Ils comptaient « faciliter les procédures imposées aux opérateurs dans la collecte et le traitement des données de santé et de localisation », pendant une durée de six mois après publication au J.O. de la future loi. La commission des lois, que nous avons contactée, nous a répondu que l'amendement avait été rejeté, mais sans que l'on ne sache à ce stade pourquoi.  Il pourrait cela dit être de nouveau redéposé lors de l'examen du projet de loi en séance.

[MaJ, 17h15] En séance, les deux sénateurs ont réintroduit leur amendement (voir notre brève : État d’urgence : mise en quarantaine et isolement parmi les mesures envisagées), qui n'en a pas moins été retiré à la demande du rapporteur et de la ministre.

L'exposé de l'amendement ne précisait pas, non plus, quels types de données de santé ni de localisation auraient été concernés, ni à quelles fins, ni dans quels cadres (lieu de stockage, durée, traitements, droits...). Le texte, déposé hier en procédure accélérée, sera examiné ce jeudi 19 mars en commission des lois puis en séance.

Dans son rappel sur les conditions dans lesquelles les données personnelles, notamment de santé, peuvent être utilisées dans le contexte de crise sanitaire telle que celle du Covid-19, la CNIL avait opportunément précisé que « des données de santé peuvent être collectées par les autorités sanitaires, qualifiées pour prendre les mesures adaptées à la situation ».

Elle précisait à ce titre que « l'évaluation et la collecte des informations relatives aux symptômes du coronavirus et des informations sur les mouvements récents de certaines personnes relèvent de la responsabilité de ces autorités publiques ».
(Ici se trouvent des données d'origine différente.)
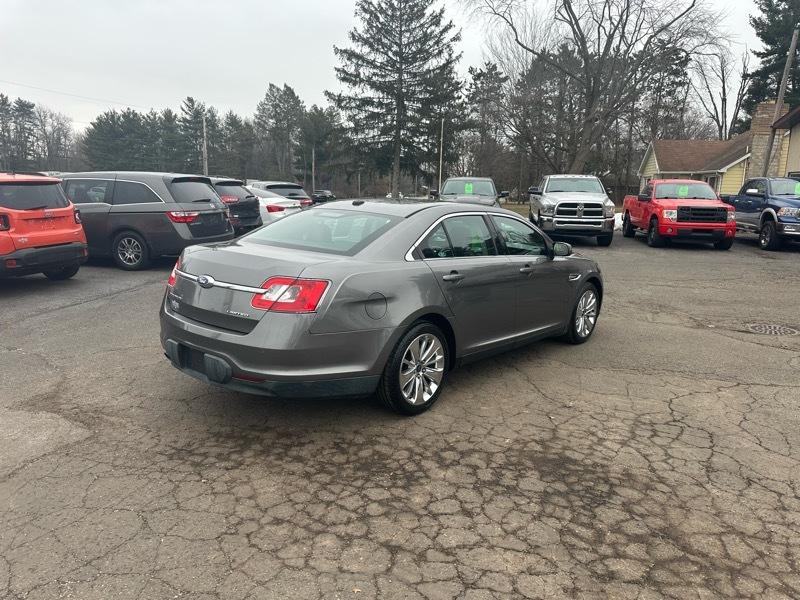 Ford Taurus Limited FWD 2011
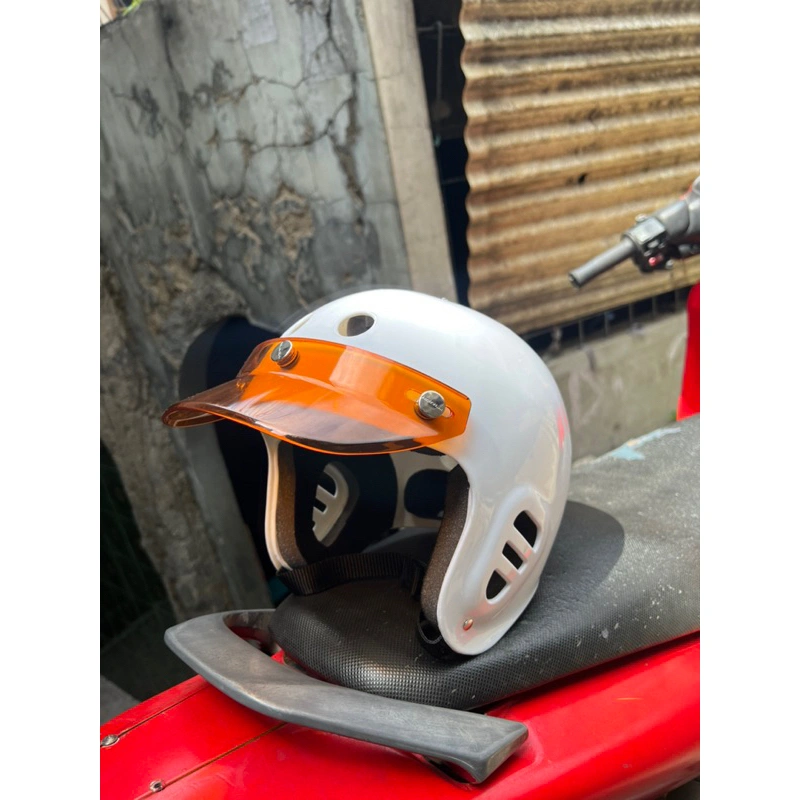 HELM SEPEDA/SKATEBOARD/RAFTING/ARUM JERAM PUTIH GLOSY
Des « dérogations » en matière de partage de données médicales personnelles

À toutes fins utiles, la Global Privacy Assembly, qui réunit plus de 130 autorités de protection des données personnelles, a de son côté répertorié les déclarations faites au sujet du coronavirus par près d'une quarantaine de ses membres. Mais vu l'état d'urgence sanitaire qui tend à s'imposer dans le monde entier à l'aune de la catastrophe annoncée, il est loisible de penser qu'entre sécurité et libertés, le curseur va de nouveau tanguer.

Le secrétaire d'État du département de la Santé et des Services sociaux des États-Unis (HHS) vient ainsi de lever certaines sanctions prévues par le Health Insurance Portability and Accountability Act (HIPAA), censé protéger les données personnelles médicales et la vie privée des citoyens américains, afin d'améliorer le partage de données et les soins aux patients pendant la pandémie.

En vertu de cette dérogation, les hôpitaux ne seront pas pénalisés pour avoir omis d'obtenir le consentement du patient avant de partager des informations avec sa famille sur les soins qui lui ont été prodigués, pour ne pas avoir respecter le droit du patient de demander des restrictions en matière de confidentialité, ni même lui avoir expliquer ses droits en la matière.

Outre la dérogation, l'avis rappelle également aux prestataires de soins de santé que les informations sur les patients peuvent être partagées pour un large éventail de raisons, y compris à des fins de traitement censés renforcer la coordination ou la gestion des soins entre les prestataires impliqués.

Des divulgations sont également autorisées pour prévenir ou atténuer les menaces graves et imminentes. L'avis décrit également les raisons acceptables de partager les informations sur les patients avec les membres de la famille, les amis et les autres personnes impliquées dans les soins de la personne.

Le HHS a cela dit souligné que sans le consentement d'un patient, les divulgations aux médias et à d'autres personnes non impliquées dans les soins du patient ne sont toujours pas autorisées.